A alma e a cítara / 26 – Há também um desperdício bom de tempo e de coisas ao serviço de relações grandes e verdadeiras.

Luigino Bruni

Original italiano publicado em Avvenire em 27/09/2020.

«O que mais me confortava e alegrava vinha-me do conforto dos amigos… as conversas, as gargalhadas em companhia, a troca de cortesias afetuosas, as desavenças ocasionais, sem rancor, como de cada homem consigo mesmo e os mais frequentes consensos, temperados pelas mesmas raríssimas desavenças; ser cada um, ora mestre, ora discípulo, do outro; a saudade de quem está longe, os acolhimentos festivos de quem volta».

Santo Agostinho, Confissões, IV

O Salmo 133 é conhecido como o salmo da fraternidade que, enquanto nos fala da beleza da fraternidade do sangue, anuncia-nos uma fraternidade diferente do espírito.

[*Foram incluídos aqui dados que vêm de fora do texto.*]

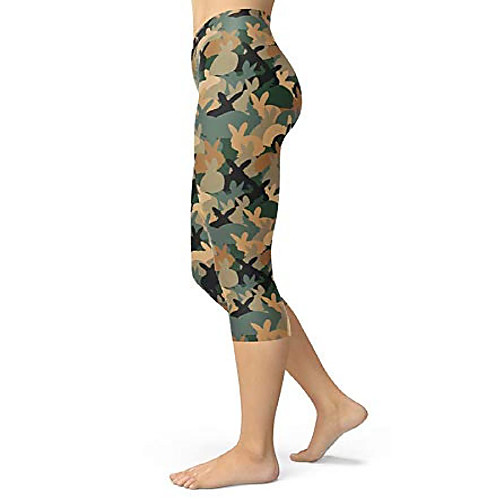 

women's cropped capris animal printed brushed buttery soft leggings (one size (s-l/size 2-12), army green rabbits)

A fraternidade é uma grande palavra da Bíblia porque é uma grande palavra da vida. É um outro nome da felicidade. Os irmãos e as irmãs fazem parte da paisagem normal de casa, são componente essencial da nossa vida. O amor pelos irmãos e pelas irmãs não tem a característica do eros nem da philia (nem sempre somos amigos dos nossos irmãos, mas amamo-los muito). É um outro amor, diferente e especial, que usa a linguagem da carne e das vísceras (e, nisto, assemelha-se ao amor pelos pais). Uma nota típica da fraternidade é a dor visceral que sentimos quando uma irmã ou um irmão adoece, quando sofre, quando é ofendido ou humilhado – ver uma irmã sofrer é para nós, homens, uma das dores maiores. Há também uma alegria típica e especialíssima, talvez uma das maiores sobre a terra. É a que experimentam os pais, sobretudo as mães, quando vêm que os seus filhos se amam, quando os vêm a estimarem-se reciprocamente, a abençoarem-se um ao outro, a consolarem-se, defenderam-se, ajudarem-se, a fazer festa juntos.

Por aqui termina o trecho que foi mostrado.